All lines below must be repeated exactly, with the pictures omitted.

Start of GIVEN DATA

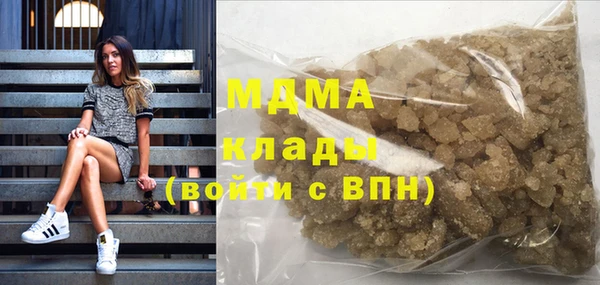 индика Михайловск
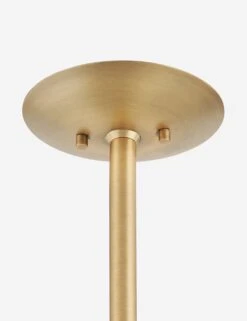 Dion Pendant Light By Colin King X Troy Lighting -MIUBOW Furniture Shop Dion F6624 PBR SSD 002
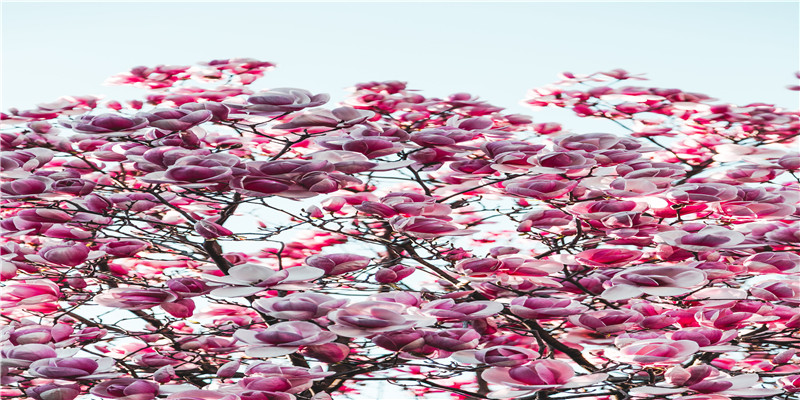 a型血的女人的性格是什么样的 (a型血的女生是什么性格的)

End of GIVEN DATA

REPLY:
 индика Михайловск
 Dion Pendant Light By Colin King X Troy Lighting -MIUBOW Furniture Shop Dion F6624 PBR SSD 002
 a型血的女人的性格是什么样的 (a型血的女生是什么性格的)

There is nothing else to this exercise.